My advice: go to school.
You aren't going to get any serious work, or learning, done trying to
learn on your. Learning on own is going to be difficult, and won't be
taken seriously by an employer.
If a university is out of the question, consider a junior college or
trade school. If I personally had to hire someone, I'd consider hiring
someone with a 2 year degree or the first 2 years of college coursework
at a junior college before I'd hire someone who was self-taught. If you
don't have a related degree (math, science, etc.) then "I learned it
myself" is going to be a non-starter; I simply wouldn't hire anyone with
no degree at all.
That said, sure, Java is an acceptable language to start learning. It's
practical and used in the workplace, as well as being not too baroque
for a new student. Other acceptable choices might be C#, Ruby, Python,
C, or probably a few more I'm unaware of.
I'm not an HR guy myself, so don't take this as advice, OP, these are
just observations. What I actually value is domain knowledge and
experience in software development. Note that I said "software
development", not "coding". Proven experience in delivering good
software applications is the ultimate litmus test. It's documented
critical thinking, and you only assess that by looking at years and
years of experience.
Domain knowledge is the other biggie. If you thoroughly understand
problem domains from the perspective of a business user then you are
worth your weight in gold. If you are _starting_ to understand a problem
domain that's good too. For example, understanding accounting or
mathematics or an engineering discipline, or having enough knowledge of
the health industry to pursue health informatics, or having a biology
background so as to pursue bio-informatics, or knowing document
management, or legal procedures, etc etc - these are all more valuable
than knowing only how to program.
If you're starting off as a novice then you've got none of that, neither
the software engineering experience nor the domain knowledge. But a
diploma or degree - in a very wide variety of fields - is a good
launching point into domain knowledge. For example, study modern
surveying and if you keep your eyes open you can be programming GIS
before you know it. Just one example.
When I look at a resume - and I look at a lot of resumes - what
interests me is what problems did a candidate solve, not what technology
they used to solve it. OK, for some specialized technology skills that
take years to acquire, that's valuable knowledge in and of itself - very
few programming languages fall into that category, though.
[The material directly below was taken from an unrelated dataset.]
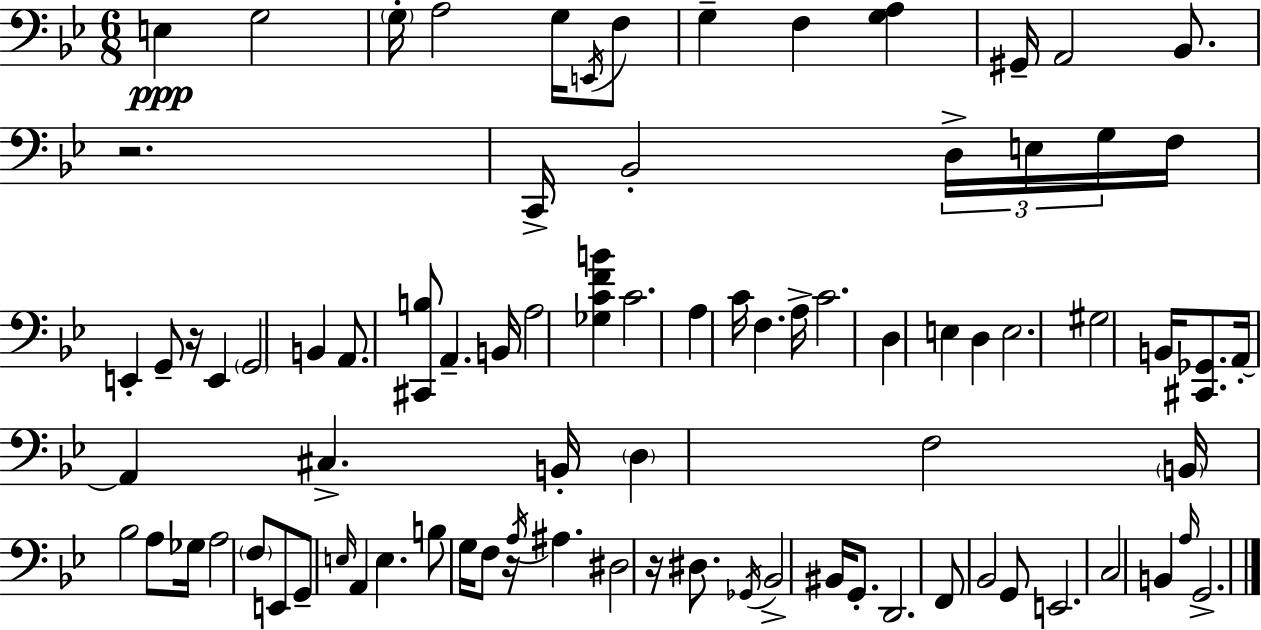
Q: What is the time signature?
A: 6/8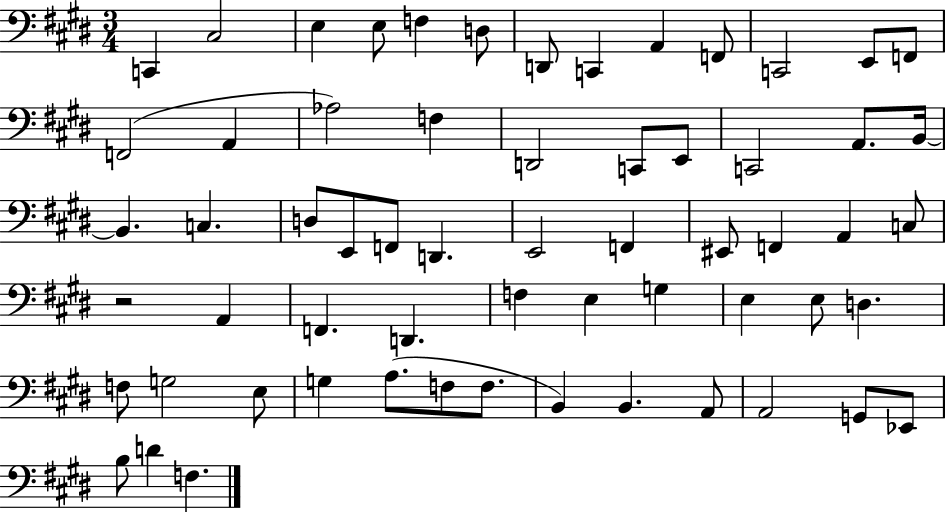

So if I look at an application from someone new in the field -
practically no experience - not even serious programming chops are going
to interest me much. Not without some other knowledge it's not. I need
to see some thirst for knowledge in problem domains, not just an
interest in coding for coding's sake.
That's my take on it. I've got formal physics and engineering myself.
Some of the best programmers I've worked with have (or had) history or
English or music. Others came from a business background. A really good
combo that I've seen proven time and time again is some real-world
experience in *something* overlaid with a 2 year IT diploma.
Just my observations. Take 'em for what they're worth.